With the release yesterday of new figures on EU expenditure in 2007, the Commission has been busy spinning the line that farm subsidies no longer account for the biggest item of Brussels spending. Most news outlets have been swallowing this line without taking a closer look at the figures which show that a full 50 billion euros of EU money was spent on farm-based programmes.

In 2007 the EU spent 42.6 billion euros on the CAP’s first pillar which comprises old style market interventions and direct income support payments to farmers.

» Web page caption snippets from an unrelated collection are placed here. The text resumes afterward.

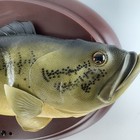 Vintage Talking Boogie Bass Fish Plaque Untested As Is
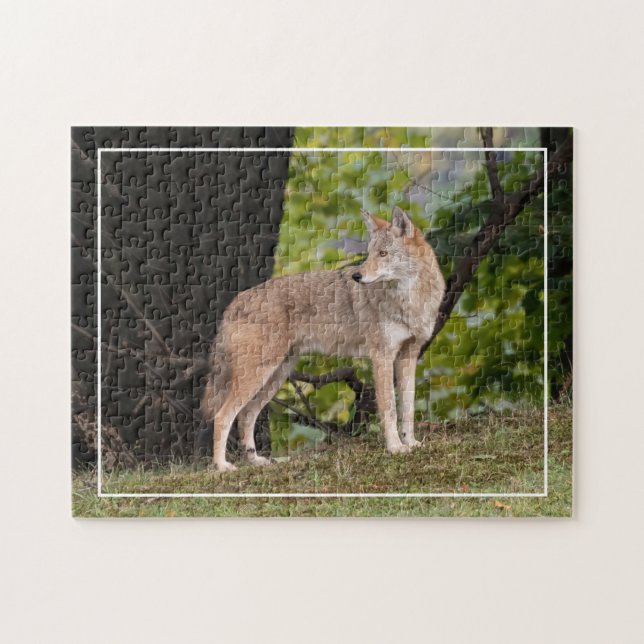 Puzzle Bonito Coyote (Horizontal)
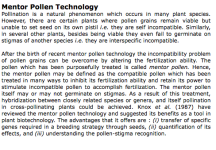 Mentor+Pollen.png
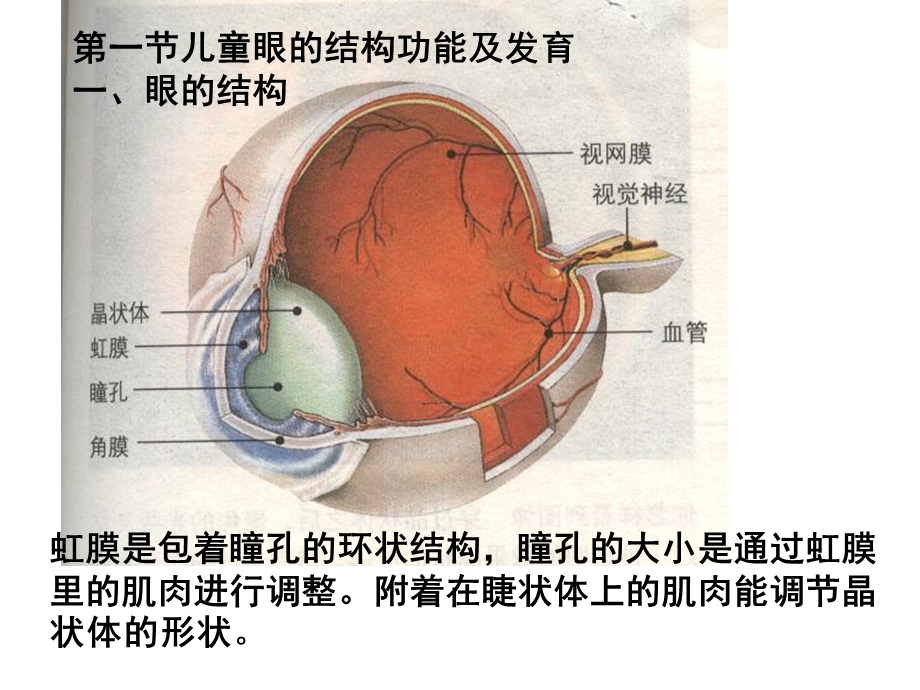 《第八章儿童感觉器官的结构功能及发育》ppt课件.ppt_第2页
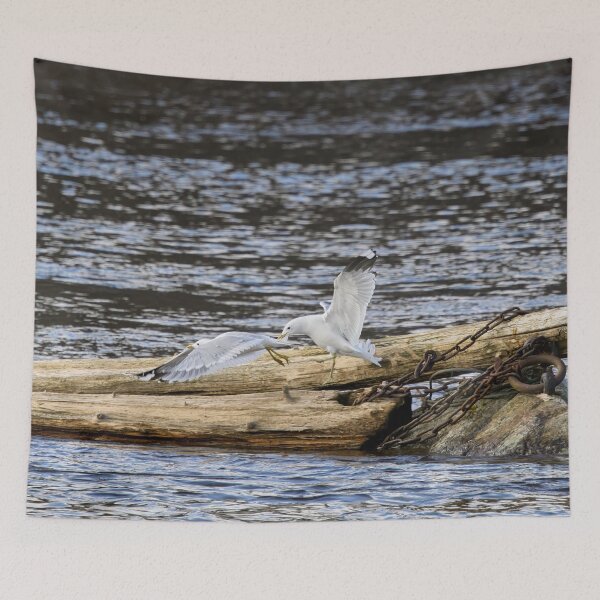 Item preview, Kick off time. Sea mew designed and sold by Jouko Lehto Photography.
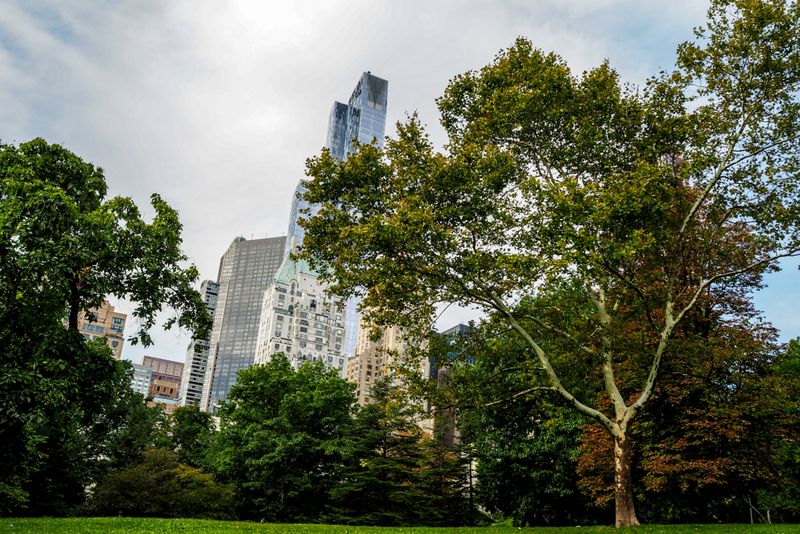A View From Central Park, New York City, USA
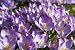 Crocus - 60"W x 40"H - Peel and Stick Wall Decal by Wallmonkeys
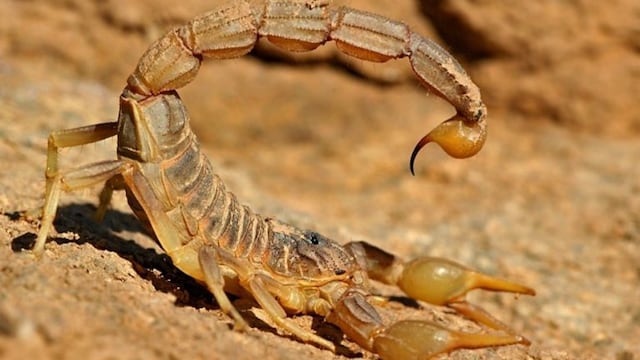 Hay preocupación en el centro de Santiago por la presencia de alacranes (Foto: web)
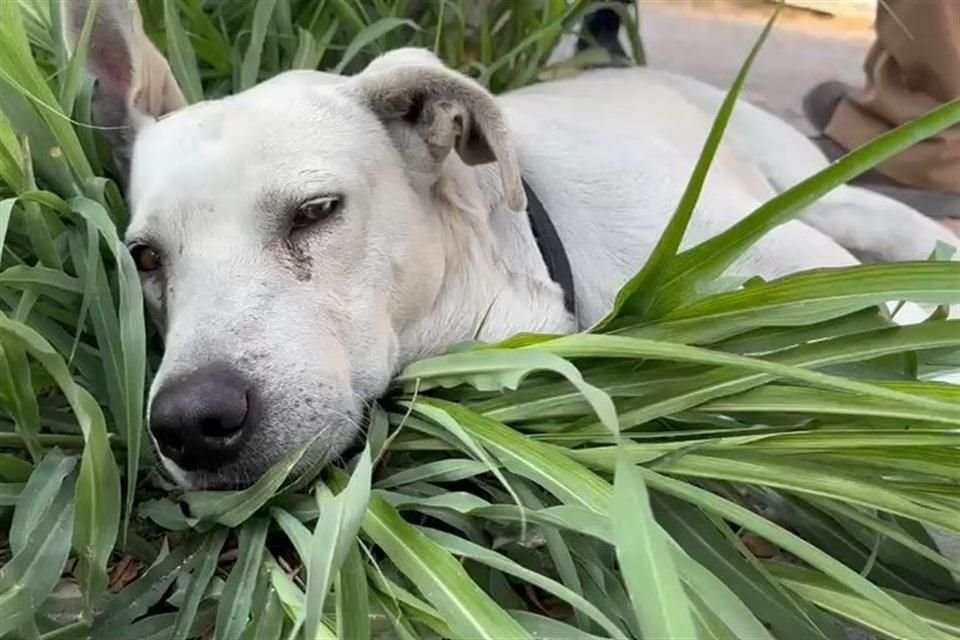 El humo de un fogón alteró a un enjambre de abejas, que dejó un muerto y dos lesionados. Un perrito también fue picado.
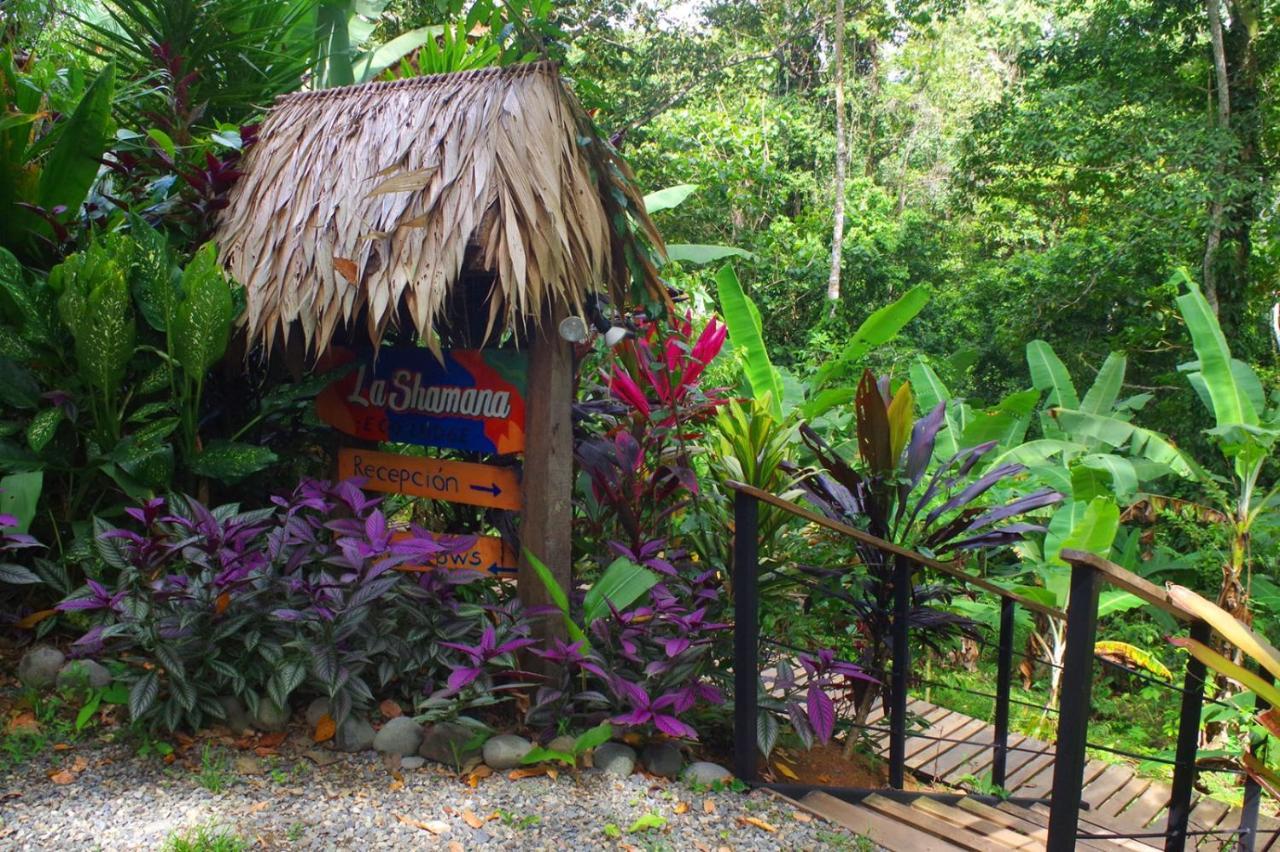 La Shamana - Ecological Concept In Jungle Villa กาอุยตา ภายนอก รูปภาพ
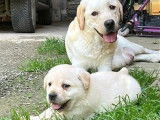 3 chiots femelles Labrador Retriever en vente (LOF)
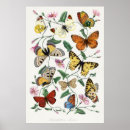 Search for butterfly posters Moth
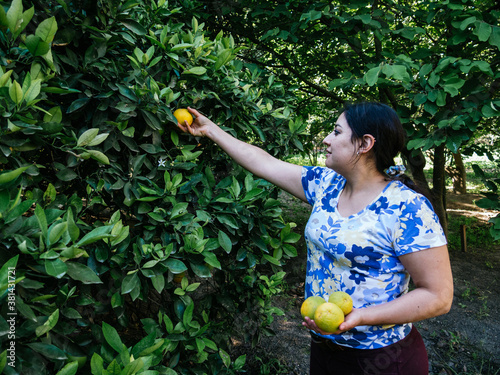 Photography woman harvesting an orange tree on a sunny day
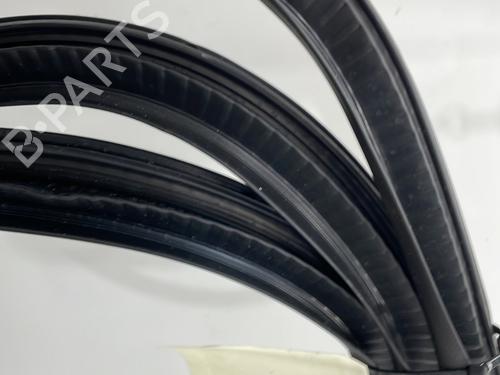 Rubber door seal FORD KUGA II (DM2) 2.0 TDCi | BP27518962C142 
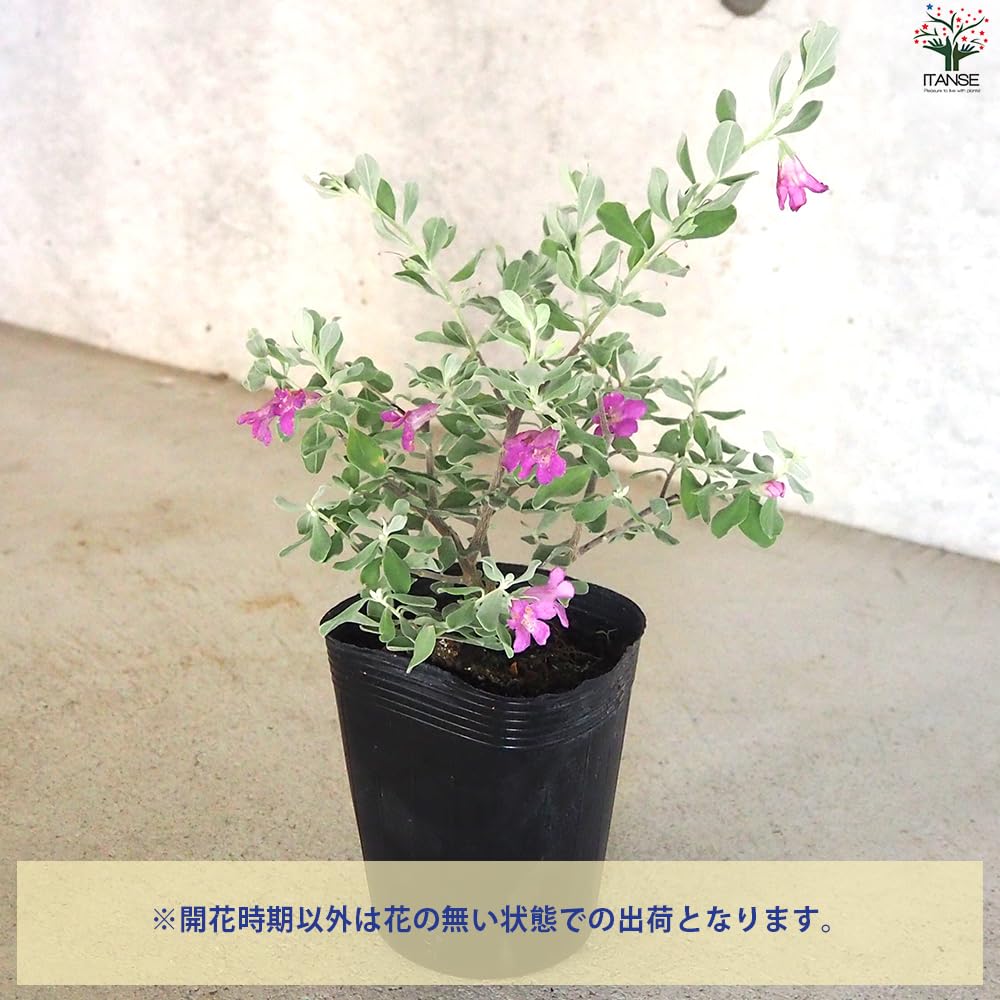 Amazon.co.jp: ITANSE レウコフィルム フルテスケンス 3.5号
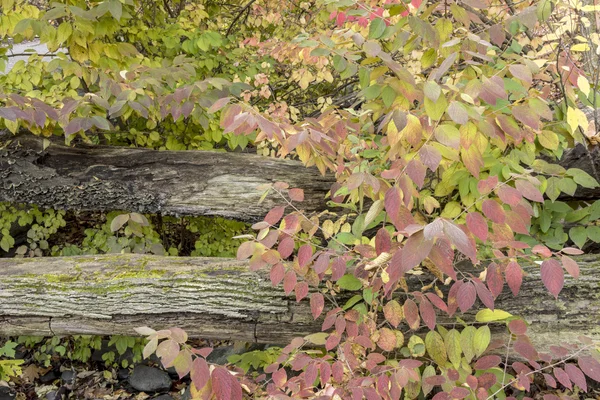 Herfstbos — Stockfoto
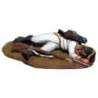 41st austrian infantry regiment Sachsen-Hildburghausen 1805 casualty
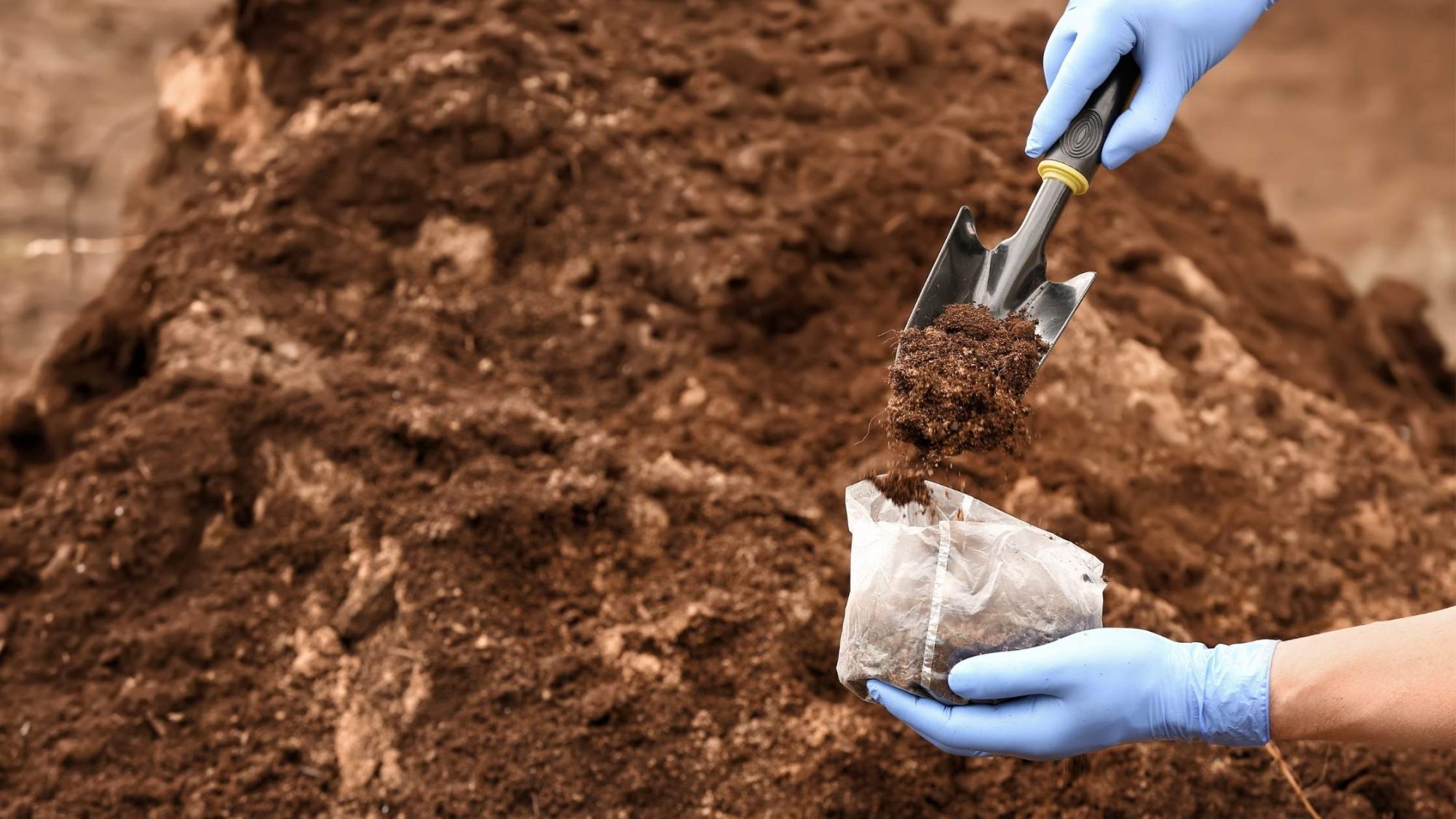 testing your soil for nitrogen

This is a whisker below the 43.7 billion euros spent on a raft of policies known collectively as ‘sustainable growth’ (what was once known as ‘structural and cohesion’ funds).

What Commission spinmeisters neglect to inform reporters is that close to 80 per cent of the 10.9 billion euros spent by Brussels on ‘rural development’ finds its way into the pockets of European farmers.

A new report published last week by the Institute for European Environment Policy analyses all member state rural development programmes for the period 2007-13 and sheds some light on the issue.

First a bit of background on the structure of the rural development budget. There are four ‘axes’ of EU rural development policy:

Axis 1: improving the competitiveness of the agricultural and forestry sector (grants for farm modernisation, grants to young farmers, grants to retiring farmers and the like);

Axis 2: improving the environment and the countryside (this mostly comprises payments to farmers for farmland conservation and subsidies for farmers in ‘less favoured areas’, e.g. mountainous, marshy, arctic and desert regions);

Axis 3: improving the quality of life in rural areas and encouraging diversification of the rural economy;

Axis 4: ‘Leader’ programmes that build local governance and cooperation capacity in rural areas towards the achievement of objectives under axis 1-3.

The IEEP analysis shows that 79 per cent of rural development expenditure goes to the two axes that are devoted to payments to farmers. Axis 3, which is devoted to what most people would regard as real rural development policy (rather than farm subsidies dressed up as rural development) gets just 13 per cent of expenditure.

On the basis of this analysis we can estimate that payments to farmers (or payments designed explicitly to benefit farmers, like export subsidies and other agricultural market interventions) totalled at least 50 billion euros in 2007, out of the total EU budget of 114 billion.

Few would disagree that the ‘rural development’ pillar of the CAP is more targeted and better linked to policy objectives than the first pillar, but it’s important to remember that EU takes a very partial and overwhelmingly farm-based approach to rural development. Whatever the spindoctoring of the Commission may convince gullible journalists, for the next five years Europe’s farmers look secure as the number one beneficiaries of the EU budget.